The Ghana Integrity Initiative (GII) says Ghana’s fight against corruption is insufficient and may not yield desired results if more targeted efforts are not made.

Fundraising Manager, Michael Boadi said while there appears to be a lot of talk against the menace, the commitment needed to nip the menace in the bud is lacking.

“We are not doing enough to prevent corruption. We are doing a lot of lip service, talking and pretense in our quest to fight corruption so people are not afraid,” he said on Joy News’ current affairs programme, PM Express.

The show was discussing the fallout from Manasseh Azure Awuni’s latest documentary, ‘Contracts For Sale’, where the CEO of the Public Procurement Authority (PPA) Adjenim Boateng Adjei was fingered selling government contracts.

The investigative price revealed how a company, Talent Discovery Limited (TDL), incorporated in June 2017 by the PPA boss won majority of government contracts through restrictive tendering.

Adjenim Boateng Adjei  - PPA

The president has suspended Mr Adjei 

After winning the government contracts, however, TDL then proceeds to sell the contracts to other companies.

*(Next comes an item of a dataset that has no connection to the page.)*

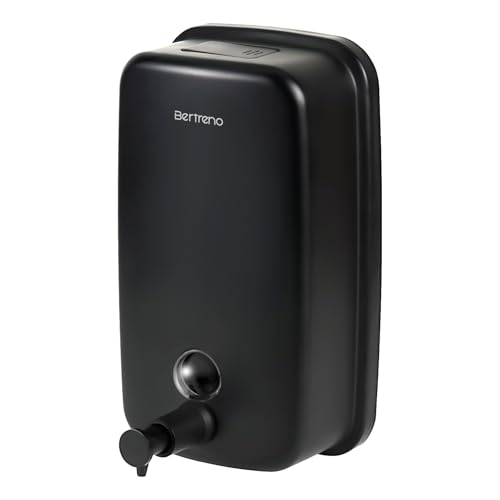 Commercial Soap Dispenser Wall Mount Stainless Steel Soap Dispensers Liquid Manual Anti-Leak Pump Hand Soap Dispenser for Bathroom Kitchen Black (35 fl.oz./1000ml) - color: Black, size: 1000ml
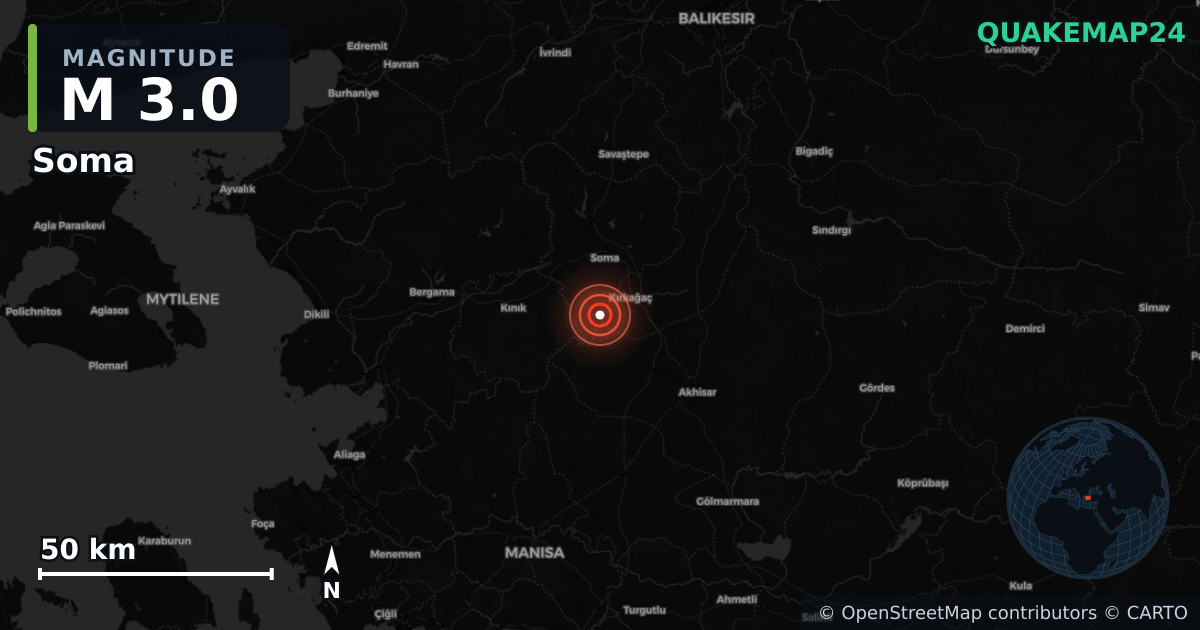 M3.0 earthquake near Soma on Aug 23, 2025 — map of epicenter and shaking intensity | QuakeMap24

During the undercover investigations, TDL was ready to sell one worth a ¢22.3 million to a non-existent entity during an undercover investigation.

Mr. Adjei claims the company engaged in the sale of government contracts belonged to his brother-in-law one Francis Arhin but later indicated that he was a part shareholder.

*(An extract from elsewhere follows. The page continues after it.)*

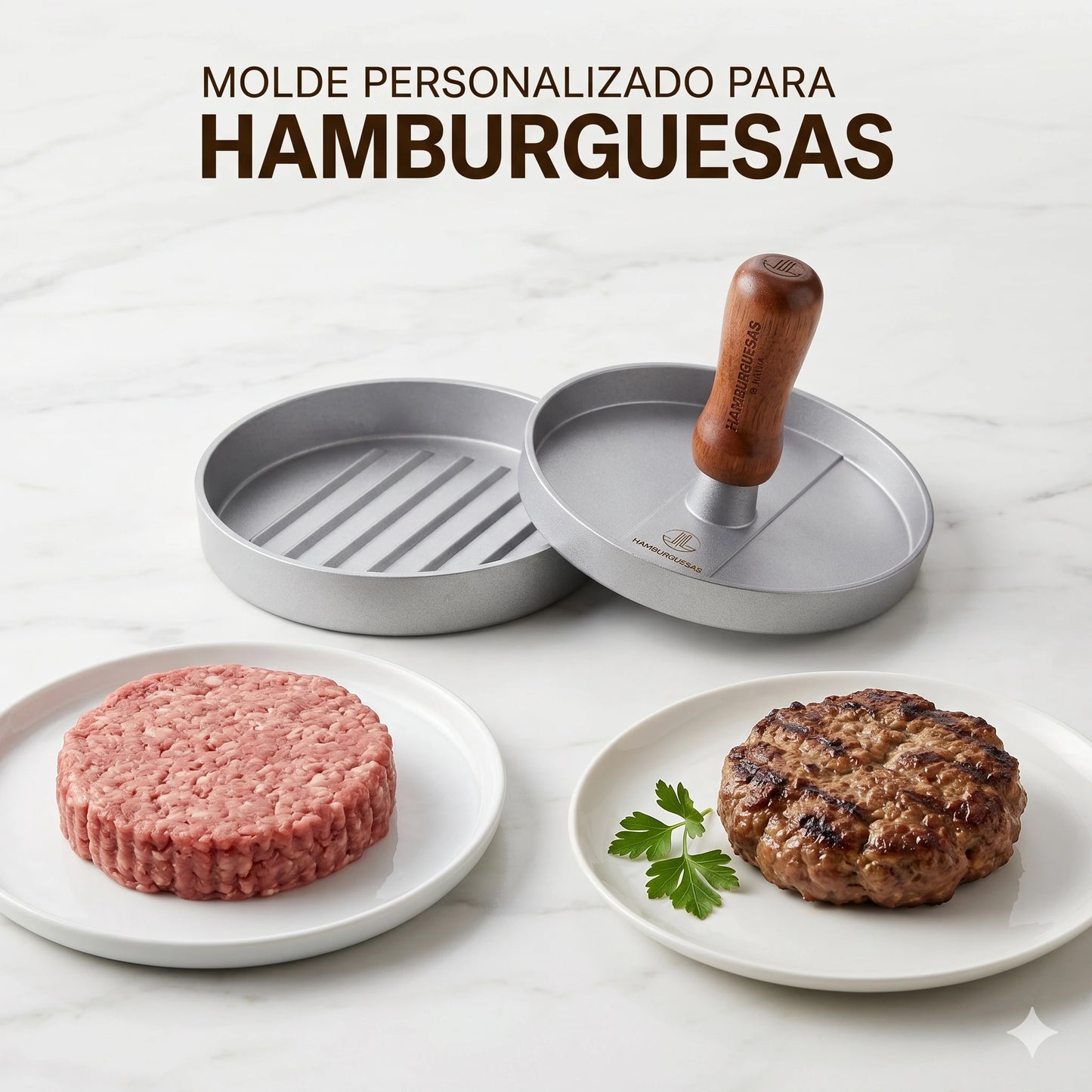 Molde Premium para Carne de Hamburguesa👩‍🍳🥩 Diámetro 11.5cm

Talent Discovery Limited has had contracts with the Ghana Water Company (GWCL), Ghana Cocoa Board (Cocobod), Ghana Ports and Harbours Authority (GHPHA).

The GII which partly funded the documentary believes all these could have been prevented if the systems put in place to check such malfeasance where active.

Mr. Boadi believes what is lacking in Ghana’s fight against corruption and its related offences are the enforcement of laws.

He said if the laws are implemented as they should, corruption will not see the light of day in Ghana.

“We have laws. We pretend to be implementing the laws and somehow, people who seem to know more about various regulations lookout for gaps in the regulations and take advantage of it. And even when they are caught, it doesn’t seem like we have cracked the whip enough to deter people.

“The national anti-corruption action plan says that we must make corruption a high risk and low gain venture, but we have turned it around, corruption has now become high gain and low risk and so everybody who gains the slightest opportunity wants to explore it,” he stated.

Mr. Boadi also questioned the rationale behind the procurement method used in securing the TDL contracts.

He wondered if the laws governing procurement practices in the country were followed in the award of all 14 contracts based on a restricted tender.

“I don’t believe that all the 14 procurements that involved the TDL passes any of those prescriptions that the law prescribed. So what informed the decision for the entity tender committee to even forward a request for restrictive tender, beats everyone’s imagination.

“There is just a whole gamut of institutional and procedural failure that we all gloss over. This thing has gone on over and over and it looks like all the problematic procurement had either gone through restrictive tender, sole-sourcing or any of the exceptional procurement methods,” he added.